善し悪しは置いておいて、私立に通わせたいし、インターナショナルスクールに通わせたいし(私は通学路にあるインターナショナルスクールを見ては毎朝嫉妬している)、私の子供だったら矯正も必要だろうし、整形したいと言われたら出来る限り協力したいし、バレエやフィギュアスケートなどお金のかかる習い事をしたいと言われたら渋る事なく習わせてあげたいし、沢山旅行にも連れて行きたい…。

これらはインターナショナルスクールと整形以外全て私の両親が私にさせてくれた事であり、私はそれを親として自分の子供に返せる自信がない。

セカンドキャリアの事は正直殆ど考えていないが、いつか就くであろう私が望んだ仕事は多分沢山稼げたり上流階級になれるようなものではない気がする。

そんな事を考えていると、私のような人間にやっと登場した母性のようなものが即座にへし折られ、考えに至るまでの過程が少し変わっただけで幼い私と変わらないままだと感じる。

しかしながら、最近の気づきとしてはメンヘラ女とはどうも愛を欲しているというより何かを愛したいのでは?と考えるようになった。

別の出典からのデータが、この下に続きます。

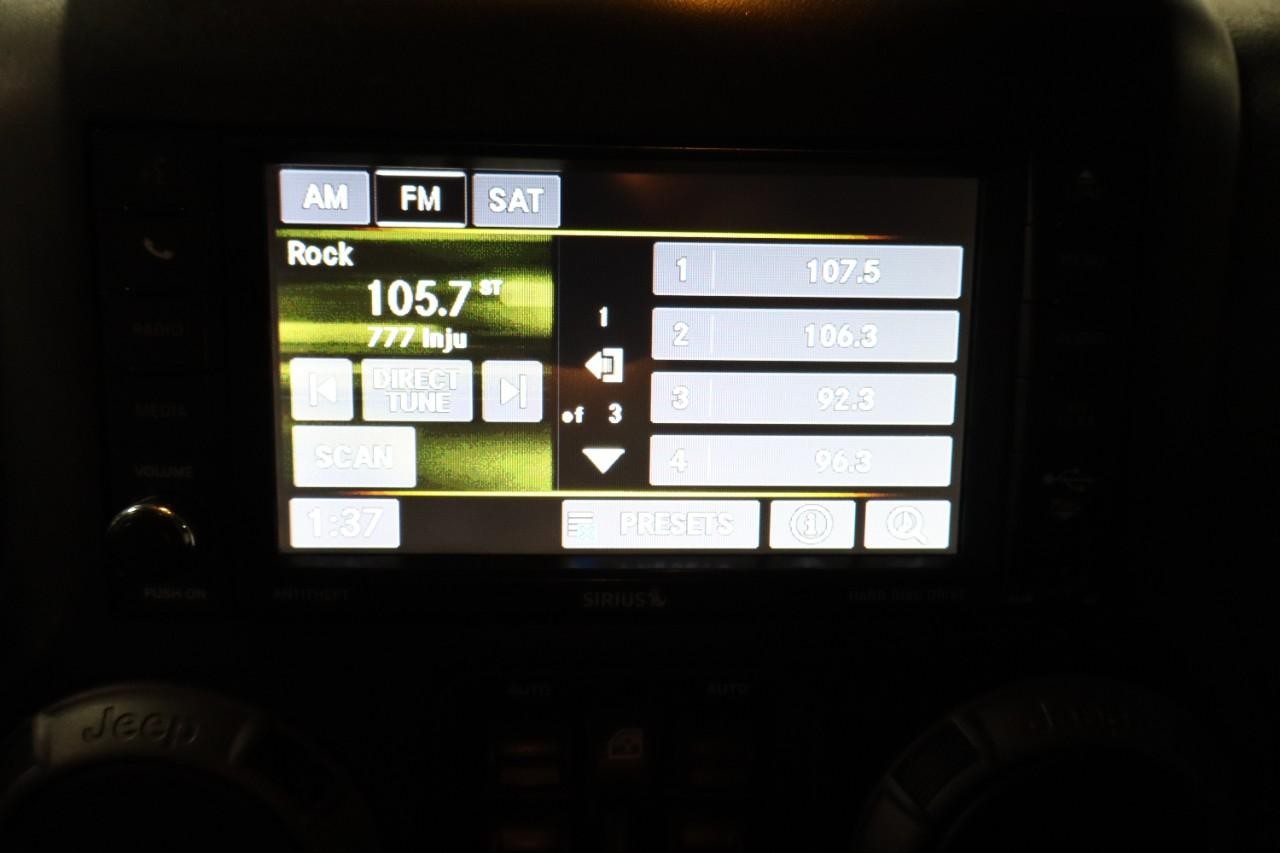 Jeep Wrangler Unlimited Vehicle Full-screen Gallery Image 14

他人によって自己を肯定されたり、沢山の愛を頂いている瞬間(面白いのでわざとK-POPアイドルのような大仰な言い方をしています)も当然言葉に表せない幸せを感じているし感謝もしているが、疲れた夜ベッドで愛犬を抱きしめたり、晴れた日に顔を見合わせながら一緒に散歩したり、大好物のりんごを嬉しそうに食べている顔を眺めている時のほうが幸せだなと感じている気がする。

だから1000字もかけて子供を産みたくない理由を連ねていてもいつか与謝野晶子のように12人も子供を産んでいるかもしれないし、セカンドキャリアとしてヨークシャーテリアのブリーダーをしているかもしれない。

どのような未来になるかは配偶者がどのような考えのどのような人になるかがわからない現在なんともいえないけれど、孤独に耐えかねて宗教に嵌ったりロボットに話しかけたりする未来でなければなんでもいいかなとも思う。

みんなの子供におもちゃを買い与える鬱陶しいおばさんをしたい。

よく早く死んでそうとか早く死ぬことに憧れてそうとか失礼なことを言われるが、私は世界中の全てのパフェを食べ尽くしたり、R指定が再開する事を夢見て細々とそれなりに生きていたいなと今は考えている。

私は2人を除き知人が亡くなったことがない。
しかしこれは歳を重ねて往生した血縁者という訳ではなく後輩や友人だったりしたので、私は自分の友人が死ぬという事は耐えられないなと想像するだけで苦しくなる。

みんなを見送るという事はやっぱりできないのでおまえらよりは先に死ぬが、一緒に真っ当に生きて真っ当に歳を重ねていきましょう。